Diversity debates focus on 'unconscious bias' in publishing

The concept of "diversity" when it comes to new hires is evolving, with "unconscious bias" something publishers and recruiters are increasingly investigating.

HarperCollins' director of people, John Athanasiou (pictured), told the Westminster Media Forum last week that both "inherent" and "acquired" diversity required attention in the work place- the former relating to qualities such as race and ethnicity, disability, socio-economic background and sexuality, while the latter could be based on a person's "career", "life experiences", "how many languages they speak" or the kinds of company they have worked for previously.

Athanasiou argued that creativity - predicted to become one of the top three desired skills by employers by 2020 - was "intrinsically linked" to diversity.

"When we talk about diversity, it's important to think about the obvious but remember there are many different representations of it," said Athanasiou. "Creativity is intrinsically linked to diversity. Our capacity to think up new concepts and solutions is limited by our views, experience and knowledge. This is why it is important to remember that when we talk about diversifying our industry we need to look at both inherent and acquired diversity, and we need to be attracting people from different backgrounds as well as industries and careers."

Athanasiou called "unconscious bias" a "huge problem" for recruiters. Unconscious bias is the tendency that we "feel safer with what we know and we project this in the choices and judgements that we make about people around us" because we are fundamentally shaped by our environment and experiences.

A 2009 UK government study found that when three identical CVs were sent out under different names, Alison Taylor received a call back in one in nine applications, the other two ethnic names - Nadia Mamood and Marian Nabagambe - only received a call back in one in 16.

"It's up to those making decisions in recruitment and promotions to be aware of this barrier and actively look beyond the biases," Athanasiou said. "The key is to apply this at all levels, and ultimately the best talent should get the role."

Penguin Random House also announced new plans to diversify its workforce in a "creative responsibility manifesto" last month. Like HarperCollins, the publisher revealed it would be conducting a staff survey to ensure it has the data it needs while "everyone in the company" will undergo “unconscious bias” training to eradicate hidden prejudices. 

Maria Vassilopoulos, manager for Jobs in Books for The Bookseller, has also argued in favour of more skill-led job applications over those that are experience-led to help eradicate unpaid internships and take the strain off HR departments in a recent personal blog. "That’s what would help diversity," she said, recommending publishers put together job specifications for potential candidates which "put experience required as experience desired" to "widen your potential candidate net" as well as to rebalance the level of importance placed on unpaid work experience.

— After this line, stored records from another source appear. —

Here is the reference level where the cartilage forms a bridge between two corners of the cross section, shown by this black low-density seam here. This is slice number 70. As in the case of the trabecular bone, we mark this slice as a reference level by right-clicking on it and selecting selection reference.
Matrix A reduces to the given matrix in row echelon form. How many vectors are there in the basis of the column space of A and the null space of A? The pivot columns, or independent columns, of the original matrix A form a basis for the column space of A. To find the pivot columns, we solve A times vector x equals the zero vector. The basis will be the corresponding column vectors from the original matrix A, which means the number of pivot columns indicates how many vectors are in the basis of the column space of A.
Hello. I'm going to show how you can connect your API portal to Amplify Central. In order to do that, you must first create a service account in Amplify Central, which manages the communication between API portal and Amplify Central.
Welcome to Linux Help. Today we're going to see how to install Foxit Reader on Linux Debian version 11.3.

HarperCollins is partnering with Race for Opportunity, an organisation which focused on race equality campaigns for ethinic minorities across the UK, as well as providing unconscous bias training, which the publisher will be providing to its executive team, hiring managers and anyone else who wants it.

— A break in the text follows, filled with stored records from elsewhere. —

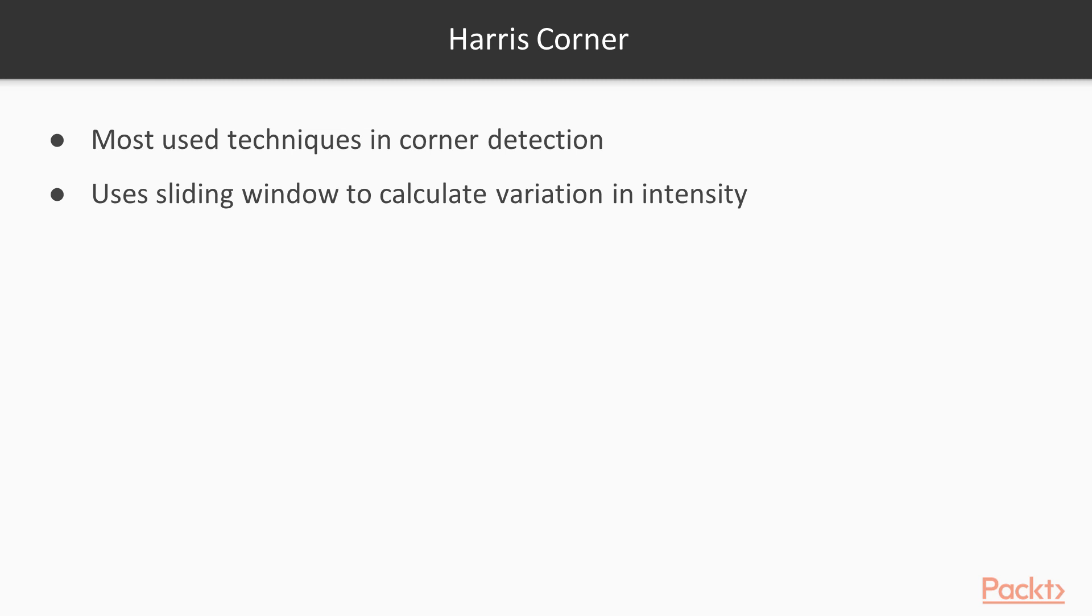The Harris Corner Detector uses a sliding window over the image to calculate the variation in intensity. Now we will look at the implementation of Harris Corner using Scikit Image.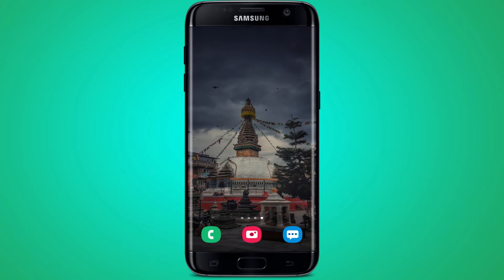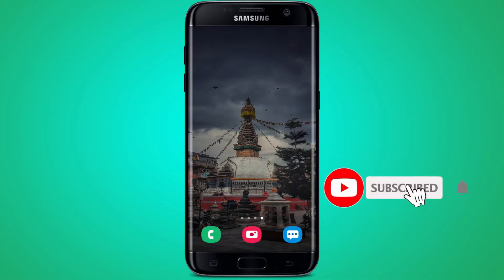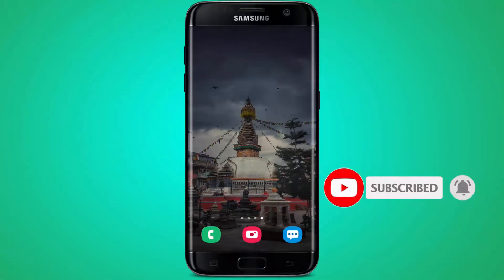Hello everyone, welcome back to another video. Today we are going to learn about how to login to the Family Bank application on your Android device. Before jumping into the video, make sure that you have subscribed to our YouTube channel by hitting that subscribe button, and also turn on the notification bell so that you don't miss any videos from us in the future.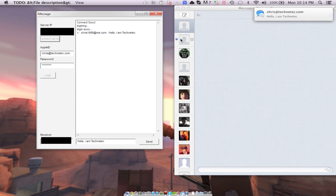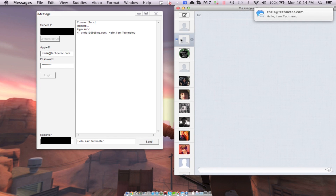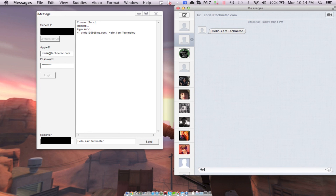As you can see here, we just received the text message from the app. Now we're going to respond. As you can see there, they have got our text message, or iMessage in this case.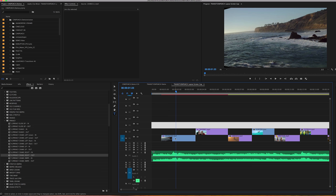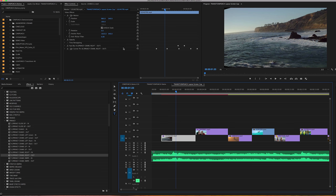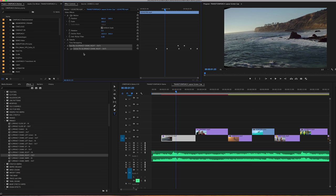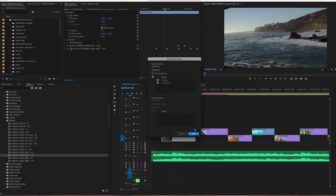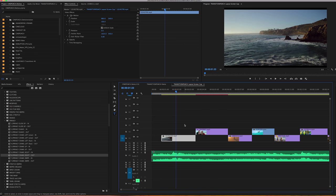Or you can simply highlight your shot and highlight the effects that you see applying that transition, then hit Delete. Or you can highlight your shots, right-click, go to Remove Attributes, and then remove the effects on there, and that will reset your shot.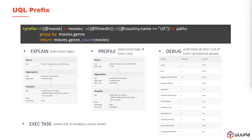UQL prefix is an extension part of UQL that is attached to the head of UQL. Some of them trigger specific operational statistics to measure the overall performance of the UQL execution. Like the three UQL prefixes: explain, profile, and debug.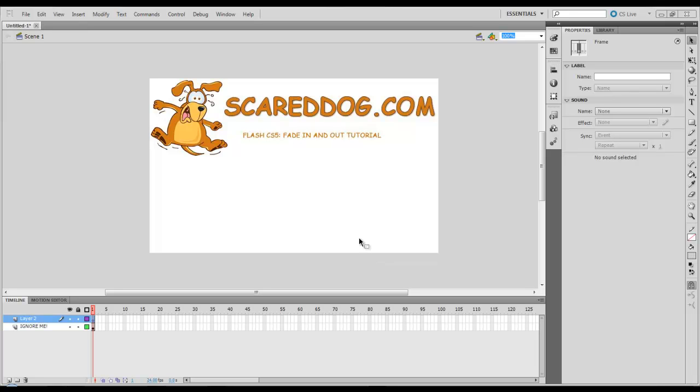Hey guys, Aaron Crowe here again with ScareDog.com. Today I'm going to show you how to do fading in and out in your Flash CS5 project.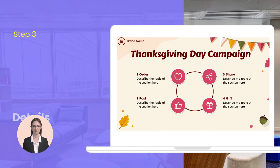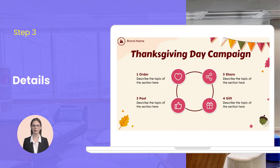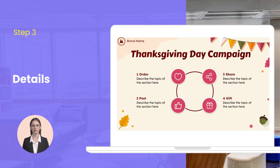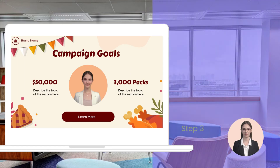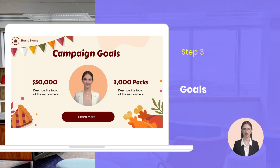Make emphasis on the Thanksgiving Day campaign. Introduce the main points of this campaign and talk about as many details as you can — for example, make an order, post a picture, share Thanksgiving words, or get a free gift. It's also necessary to share your campaign goals with your viewers.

The publisher is also embarking on its "biggest campaign ever" with Creative Access. "Without putting a figure on it, it's going to be in the double digit numbers of hires," confirmed Athanasiou.

Penguin Random House removed the degree requirement from job applications in January, to attract a “more varied candidate pool” - a stance that was backed by educational providers and publishers from across the trade, including Oneworld, HarperCollins and Bonnier. 

HarperCollins also works with City Gateway, doing skill sessions for young people without degrees.